- Interactive map of Kislino
- Kislino Location of Kislino Kislino Kislino (Kursk Oblast)
- Coordinates: 51°38′04″N 36°09′01″E﻿ / ﻿51.63444°N 36.15028°E
- Country: Russia
- Federal subject: Kursk Oblast
- Administrative district: Kursky District
- SelsovietSelsoviet: Ryshkovsky

Population (2010 Census)
- • Total: 504
- • Estimate (2010): 504 (0%)

Municipal status
- • Municipal district: Kursky Municipal District
- • Rural settlement: Ryshkovsky Selsoviet Rural Settlement
- Time zone: UTC+3 (MSK )
- Postal code: 305524
- Dialing code: +7 4712
- OKTMO ID: 38620476116
- Website: rishkovo.rkursk.ru

= Kislino, Kursk Oblast =

Rural locality in Kursk Oblast, Russia

Kislino (Кислино) is a rural locality (a khutor) in Ryshkovsky Selsoviet Rural Settlement, Kursky District, Kursk Oblast, Russia.

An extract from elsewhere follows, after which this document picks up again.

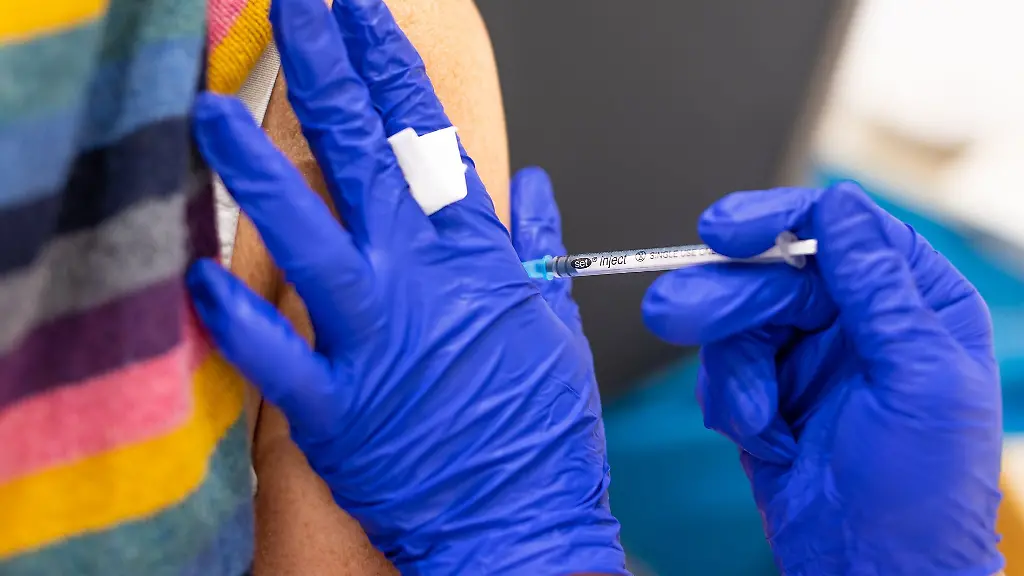 Die-Mitarbeiterin-eines-Impfzentrums-impft-eine-Frau-gegen-Corona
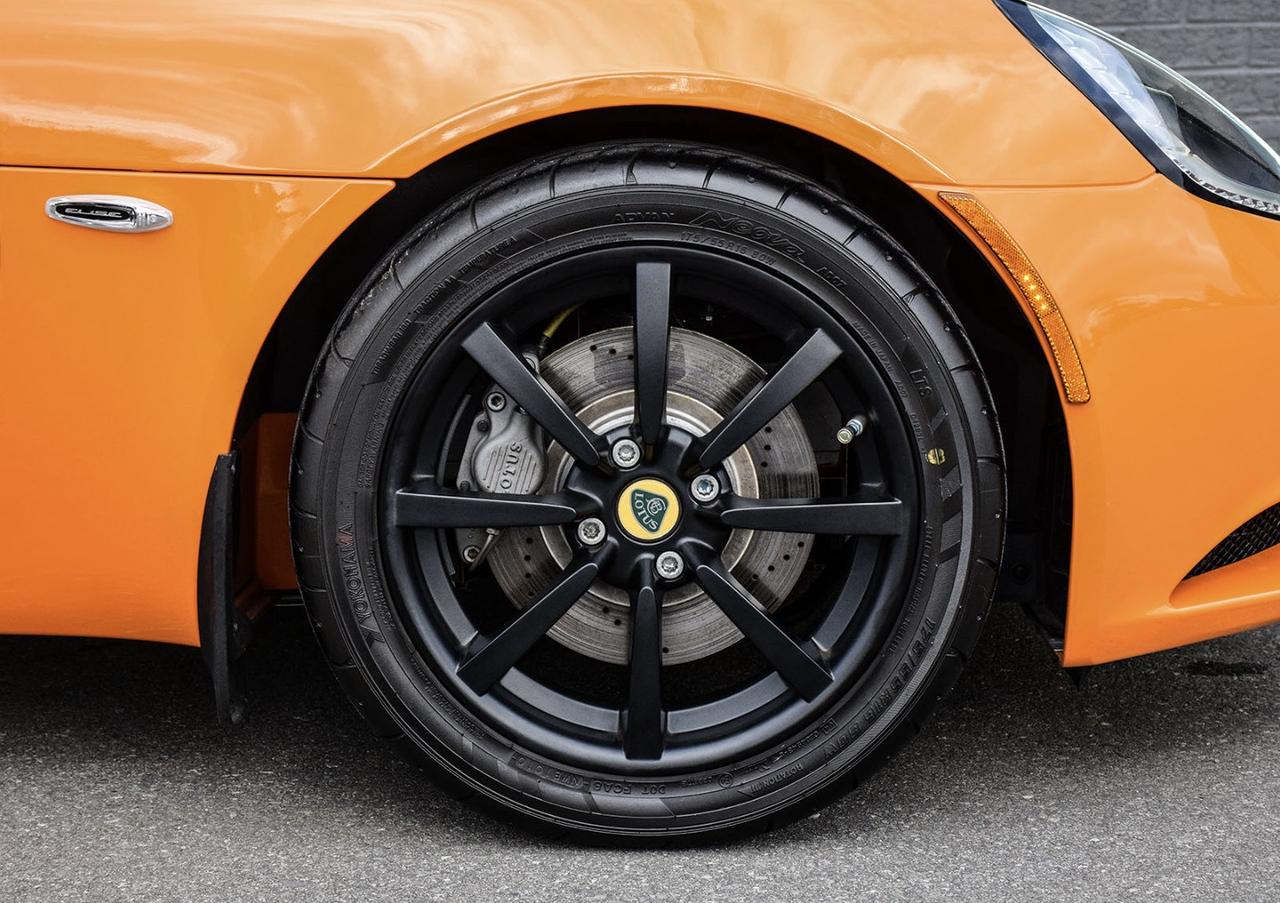 2011 Lotus Elise R   Clean CARFAX! LOW Mileage! Rare Beauty! Photo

Population:

== Geography ==
The khutor is located in the Seym River basin (a left tributary of the Desna), 83 km from the Russia–Ukraine border, at the southern border of Kursk, 3 km from the selsoviet center – Ryshkovo.

- Streets
There are the following streets in the locality: pereulok 1-y Lermontova, pereulok 2-oy Lermontova, 8 marta, Akhmatovoy, Arkticheskaya, Avangardnaya, Begovaya, Beryozovaya, Bezymyannaya, Blagopoluchnaya, Bumazhnaya, Chekhova, Donskaya, Feta, Fruktovaya, Gagarina, Gogolya, Goncharnaya, Gorokhovaya, Granitnaya, Izumrudnaya, Kazanskaya, Kalinina, Kirpichnaya, Kolkhoznaya, Kompleksnaya, Kosmonavtov, Lenina, Lermontova, Lesnaya, Lva Tolstogo, Lyubimaya, Masterovaya, Mayakovskogo, Mirnaya, Narodnaya, Nekrasova, Novaya, Olkhovaya, pereulok Ostrovskogo, Pesochnaya, Pobedy, Polevaya, Progonnaya, Prostornaya, Pushkina, Sadovaya, Slavyanskaya, Sovetskaya, Schastlivaya, Svetlaya, Svobodnaya, Tikhaya, Tsvetayevoy, Tsentralnaya, Tulskaya, Udachnaya, Uspeshnaya, Varshavskaya, Vatutina, Vesyolaya, Vishnyovaya, Vostochnaya, Voznesenskaya, Yeliseyeva, Yesenina, Yuzhnaya, Zapovednaya, Zelyonaya and Zhukovskogo (1535 houses).

- Climate
Kislino has a warm-summer humid continental climate (Dfb in the Köppen climate classification).

== Transport ==
Kislino is located 2 km from the road of intermunicipal significance (Kursk – Petrin), on the road (38H-416 – Kislino – Kukuyevka), 2 km from the nearest railway station Ryshkovo (railway line Lgov I — Kursk).

The rural locality is situated 15 km from Kursk Vostochny Airport, 112 km from Belgorod International Airport and 214 km from Voronezh Peter the Great Airport.